I stumbled across Amy Illingworth’s Reflections on Leadership and Learning blog early this morning, and the teacher in me fell in love with her Mentor Text Monday posts.
Illingworth, who has some impressive credentials you can read about here, opened my eyes to ways that I can make the study of literature relevant to my students. We don’t have to limit our studies to dusty old tomes written 100 years ago, whose authors died long before my students were born. While these stories do have a place in our classroom, we can study author’s craft right in the the books students are reading today.
For example, in Found, the opening book of her series The Missing, Margaret Peterson Haddix opens with a flashback. Since this book contains a significant amount of time travel, one can, upon reflection, detect a few layers of meaning in her opening sequence.
But right off the bat, even for the new reader, Haddix grabs ones’ attention:
It wasn’t there. Then it was.
Later, that was how Angela DuPre would describe the airplane — over and over, to one investigator after another — until she was told never to speak of it again.
Haddix takes us into the near past, the beginning of our main character’s stories, even though we don’t quite meet them yet, and hooks us.

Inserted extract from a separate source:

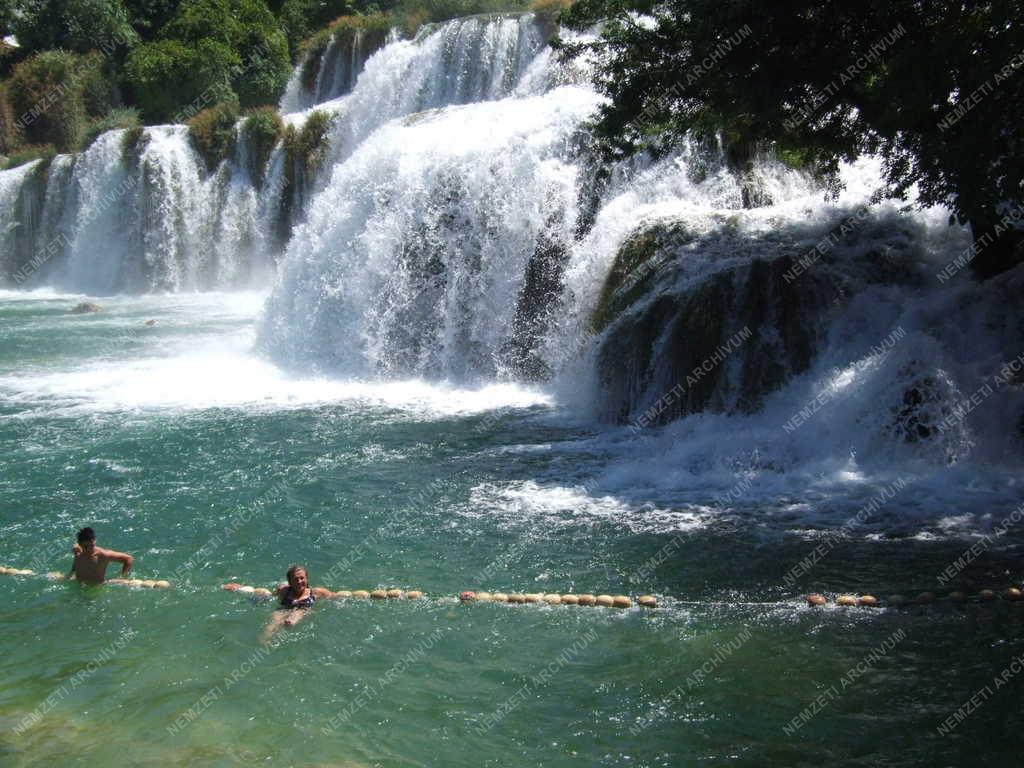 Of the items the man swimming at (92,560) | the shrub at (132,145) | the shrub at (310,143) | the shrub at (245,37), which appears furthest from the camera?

I, for one, stayed up until 3 a.m. trying reading like crazy to find out what happened.
In the first chapter, she skips ahead 13 years, where we get to meet our main characters and begin our adventure. Chapters two through sixteen seem a bit slow, but I kept reading, because I wanted to know what happened to the occupants of that airplane that disappeared. I am morally against spoilers, so I’ll stop there.
Illingworth analyzes the craft of several books and articles on her site, as well. I recommend perusing them for inspiration. Also, add her site to your feed reader.
Thank you so much for reading, sharing, and creating your own mentor text post!